• Collected data:
--------------------------------

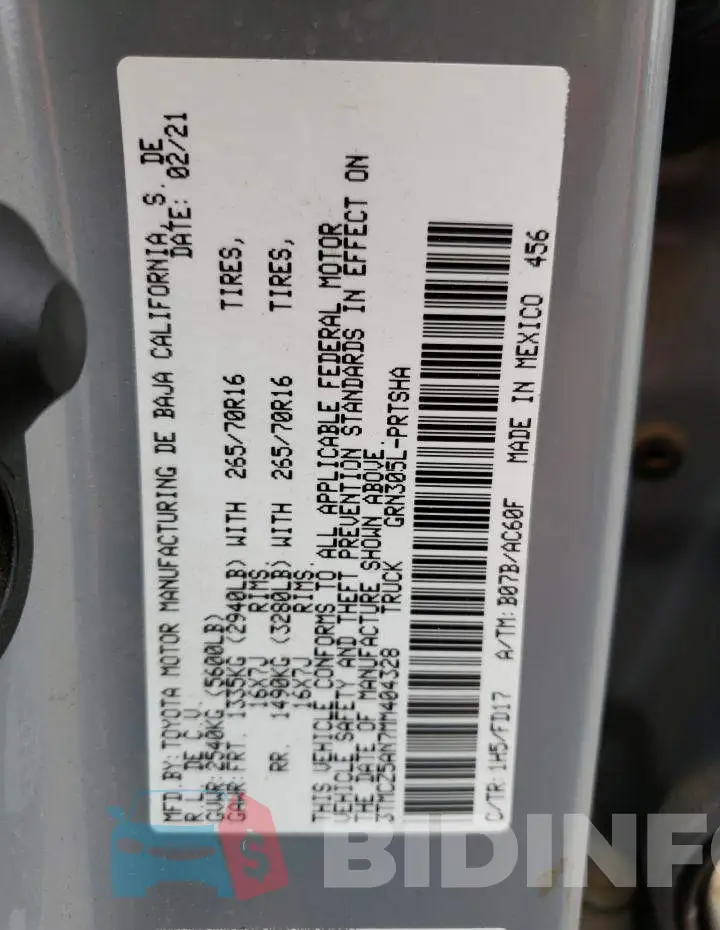 3TMCZ5AN7MM404328 Photo# 13
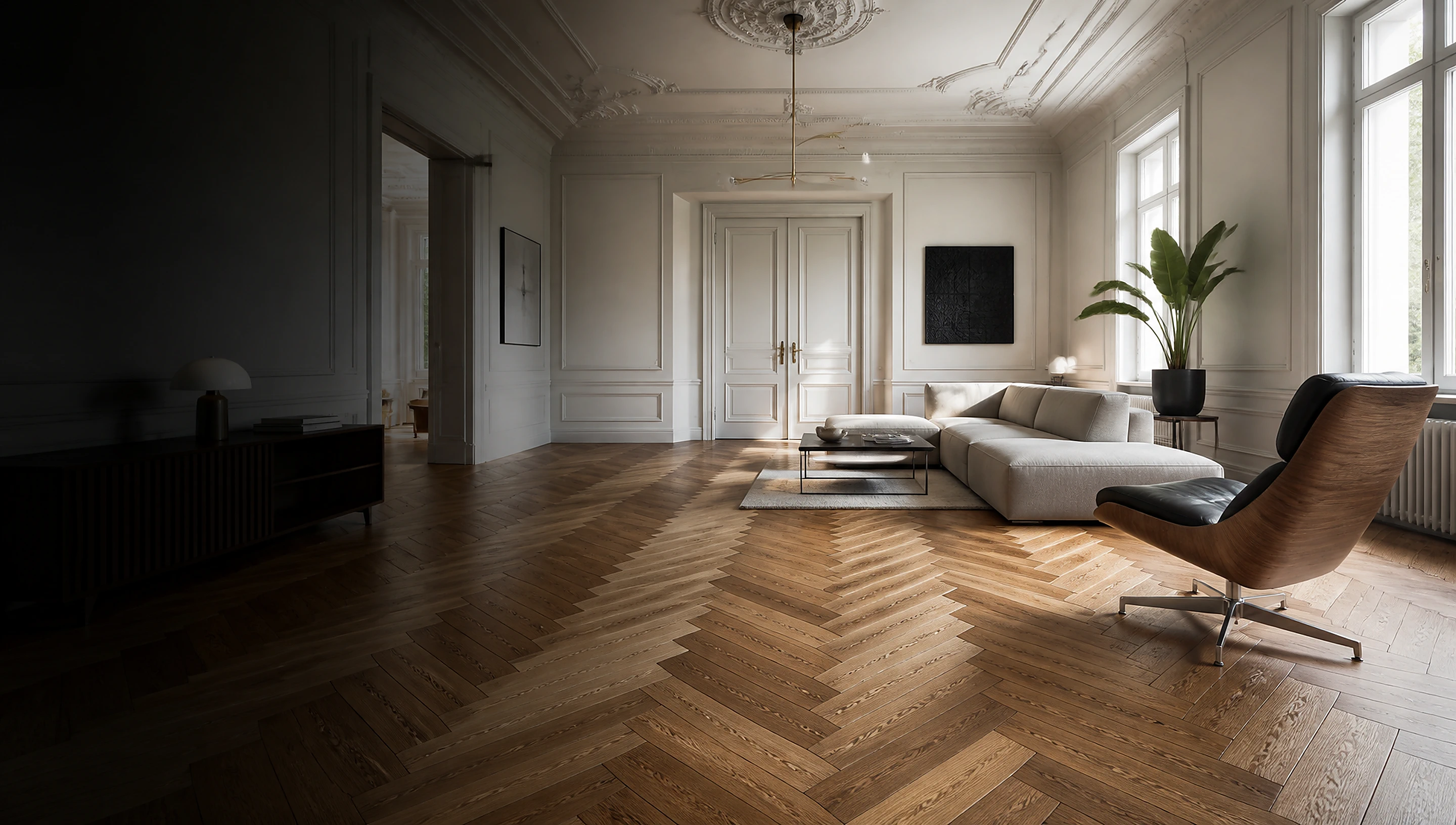 Altbau-Salon mit klassischem Fischgrätparkett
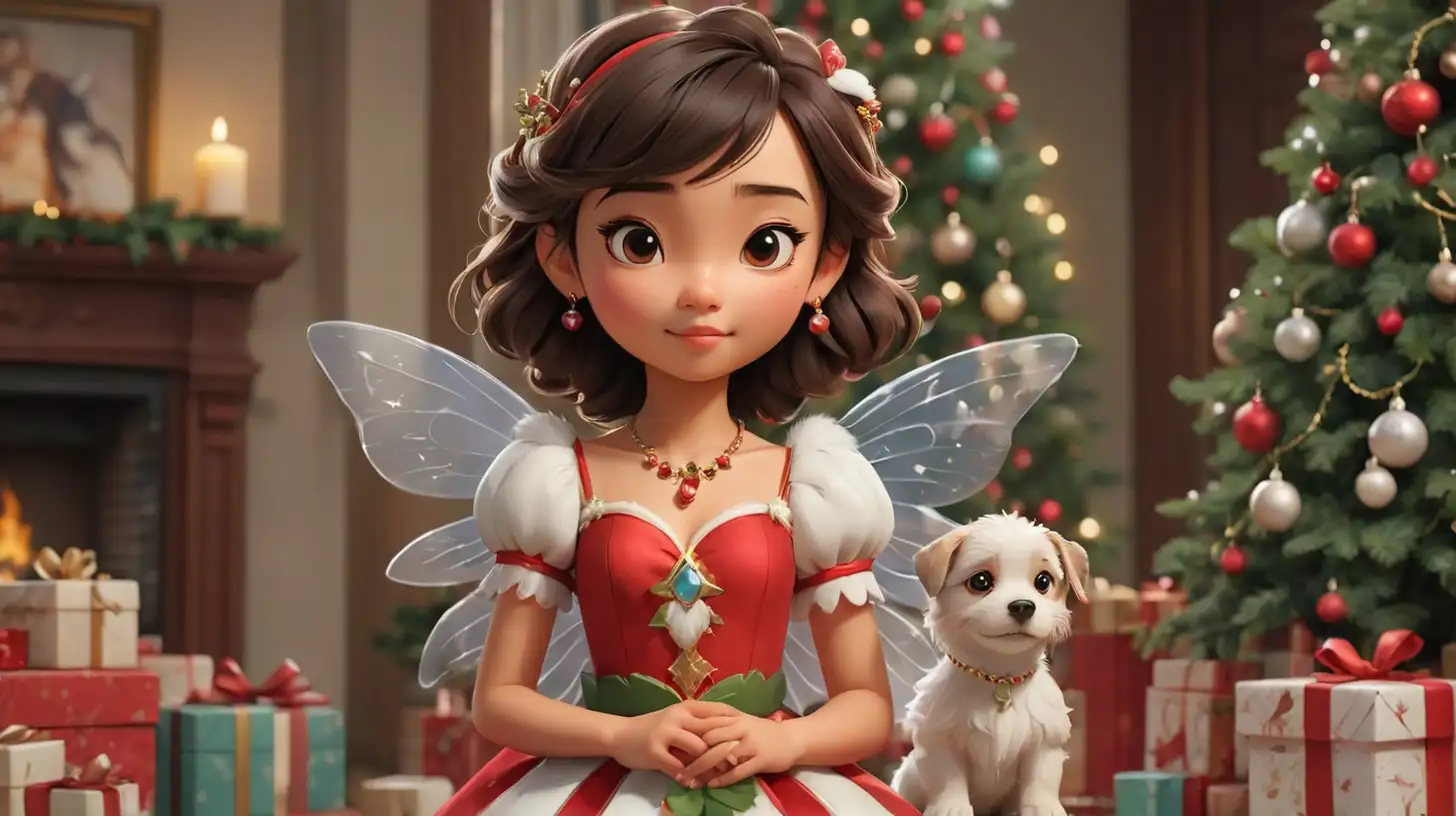 Asian Girl Fairy in Disney Style Christmas Outfit with Gifts and Puppy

--------------------------------

• Instructions to follow:
Repeat the data exactly. Pictures should not appear.

• Output for this exercise:
 3TMCZ5AN7MM404328 Photo# 13
 Altbau-Salon mit klassischem Fischgrätparkett
 Asian Girl Fairy in Disney Style Christmas Outfit with Gifts and Puppy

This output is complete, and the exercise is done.